Quando chegou ao mesmo lugar de onde viera, Junggie se deu por satisfeito. O sol estava começando a se pôr, e ele parecia um pouco mais acostumado à solidão. Então, caminhou de volta para a Casa do Juízo.

Assim como imaginou, Junggie recebeu perguntas de várias pessoas, mas respondeu sempre dizendo que estava bem. Alguns, que pareciam entender mais sobre ele, não tocaram no assunto.
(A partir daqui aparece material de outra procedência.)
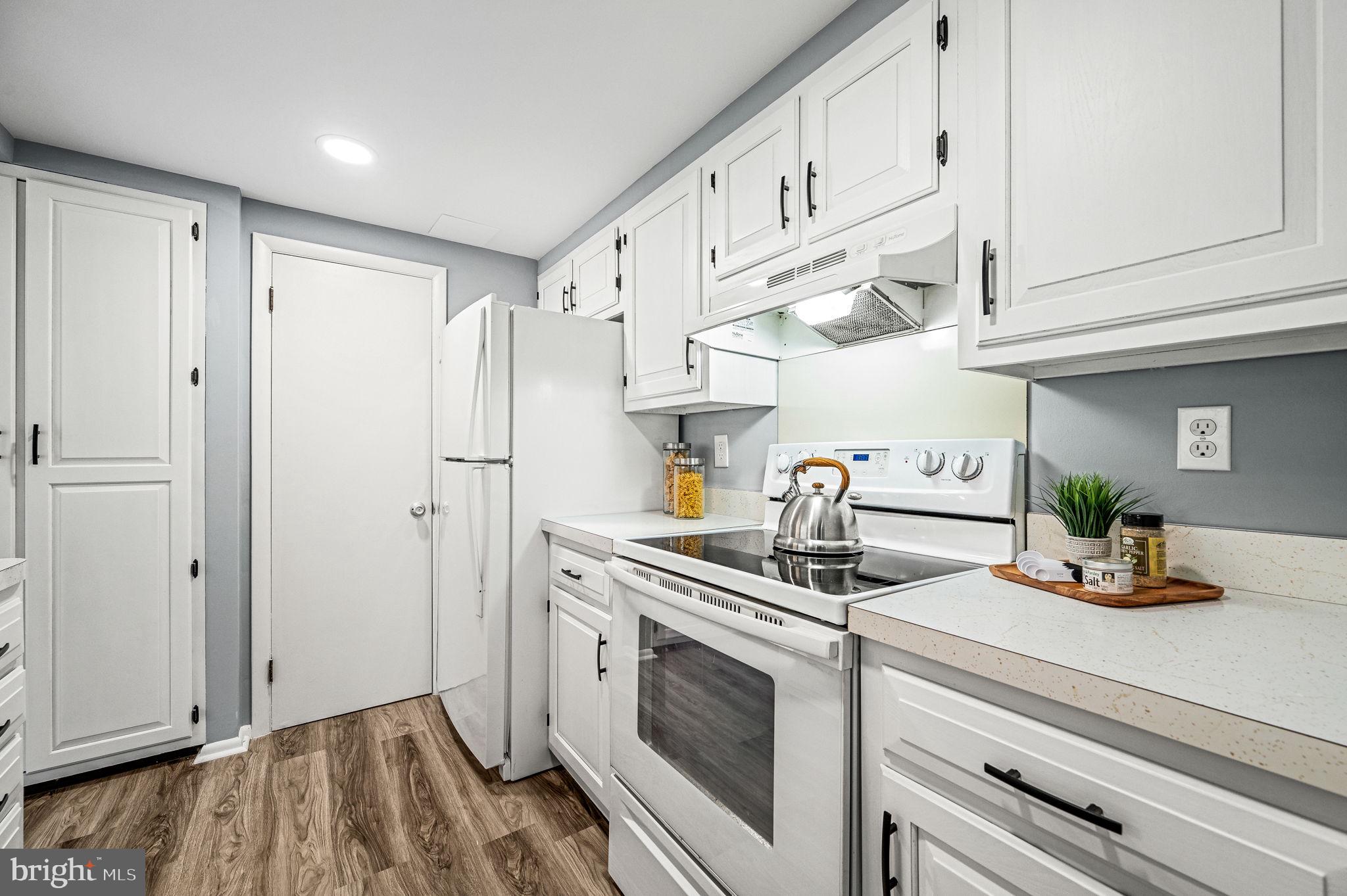 652 North Lemon Street Media, PA 19063 - Photo 8 of 48 Kitchen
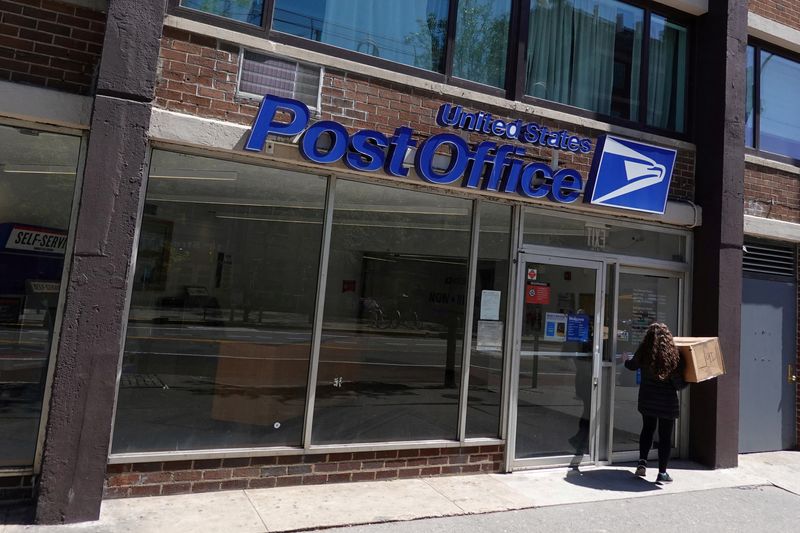 &copy; Reuters. FILE PHOTO: A person enters a United States Postal Service (USPS) Post Office in Manhattan, New York City, U.S., May 9, 2022. REUTERS/Andrew Kelly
Junggie ficou lendo até a hora de tomar banho e se preparar para o jantar. Havia um clima tenso à mesa. Todos pareciam querer fingir que estava tudo muito bem, mas todo sabiam que as coisas estavam difíceis para a família Min naquela noite. Todos sabiam que aquela felicidade falsa era às custas de um sofrimento muito específico. Junggie conseguia perceber claramente que ele era a criança do conto de Omelas, que não precisava de porão. Escondia-se na escuridão de sua própria solidão.

 

~

 

Sunghee não falou nada sobre o assunto da manhã, que permanecia oculto para quem realmente entendia que a dor não precisava ser lembrada. Ela deu boa noite e sorriu, amável como sempre, e saiu.

Foi então que começou o tormento. Toda a dor que ainda não tinha aparecido, ofuscada por uma caminhada cheia de reflexões ou por uma mesa cheia de conversa e comida, não tinha mais onde se esconder. Deitado sozinho na escuridão de seu quarto de infância, Junggie foi visitado por todo tipo de pensamento que ele não queria ter. Apesar do escuro, a luz que vinha das frestas entre portas e chão nunca o deixava totalmente apagado O móbile pendurado no teto ficava bem acima da cama de Junggie, que logo fechou os olhos para não se lembrar de tudo o que ele representava, mas não adiantou. Ele conseguia sentir a presença do móbile, do piano, e de tudo o que lhe lembrava dela. Ela fizera questão de deixar claro que nada daquilo era dele. Debochara do privilégio de um quarto particular, de uma casa inteira só para uma criança.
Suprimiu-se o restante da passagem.